One reality of Silicon Valley that will always be the basis for how VCs and entrepreneurs build crazy ideas, is nearly every startup needs to grow initially via leverage from venture capital. There are occasionally stories of incredible companies built with a low dollar-in investment figure1 and it’s certainly eye-opening that Google’s initial investment round was sub $1M, but nothing has systemically changed around today’s company-building fundamentals.
One lens to evaluate startup growth and capital allocation is ‘reach vs revenue’. That is, what’s more important today for your business: attain scale in customers / users, or attain revenues and profit. Of course the answer varies depending on the type of business – e.g. consumer apps need scale and shouldn’t even consider monetizing through things like ads until the product has tens or even hundreds of millions of users.
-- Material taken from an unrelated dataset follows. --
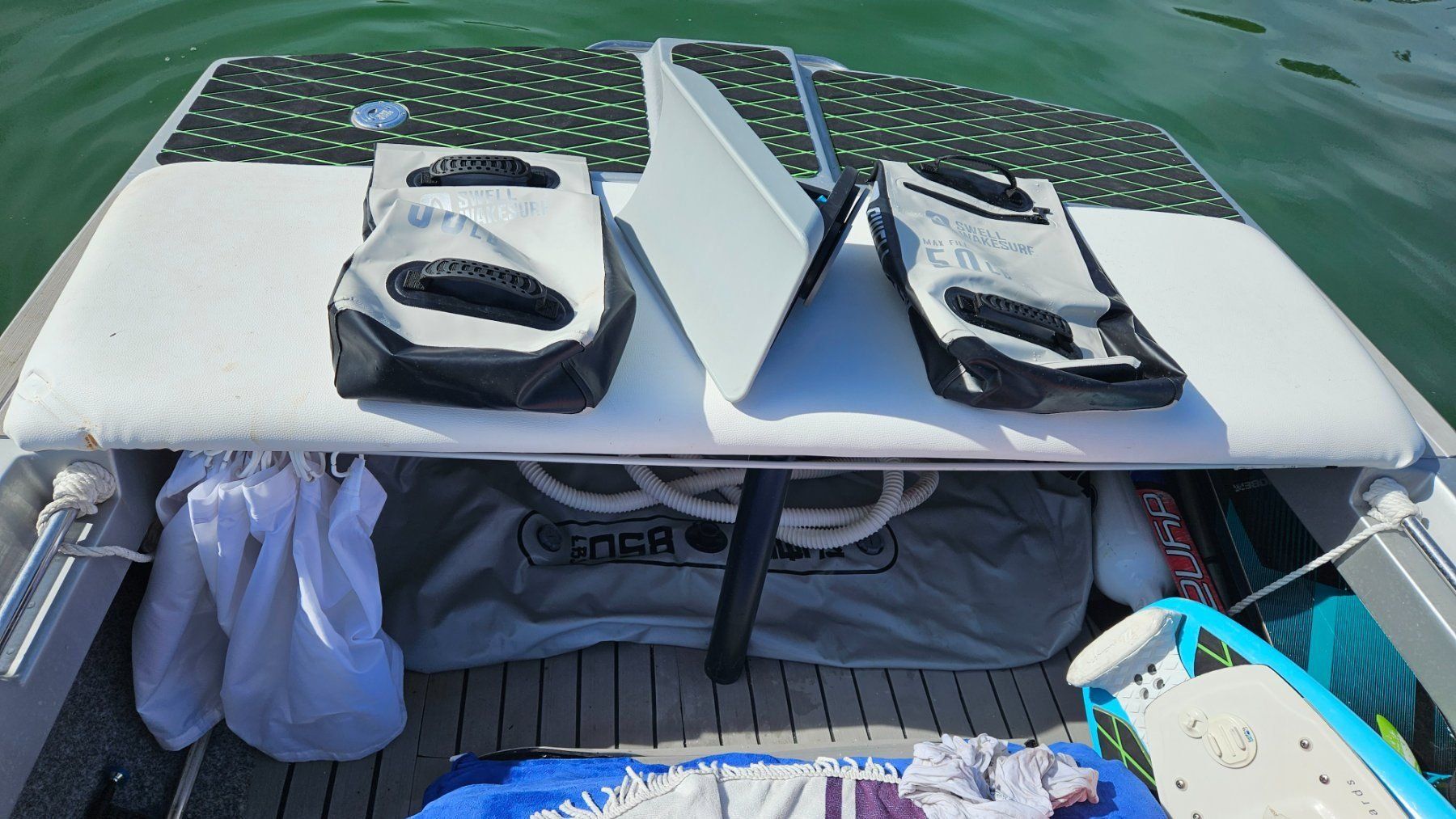 Schweizer Boote: Schweizer Winners 610 Wakeboard-Boot inkl. Trailer – Gebraucht aus Môtier (Vully) von K.U.M. 4
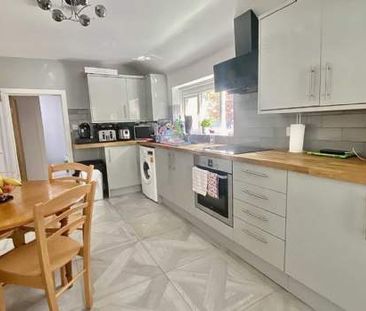 2 bedroom property to rent in Rushden - Photo 3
But not everyone is the next Snapchat.
Going after reach vs revenue (or vice versa) can be a dual-edged sword as investors never value an early business off of revenue, they always look at growth. Sure revenue (especially revenue with high profit margin) can greatly augment your story and absolutely is something you should be aiming for, but growth is the imperative early on.
But not all growth is comparable, and more importantly no one, including outside investors, understands the nuances of your business or whether it will grow in the future besides you. As startups mature, so needs the story you are telling around how growth relates to reach or revenue.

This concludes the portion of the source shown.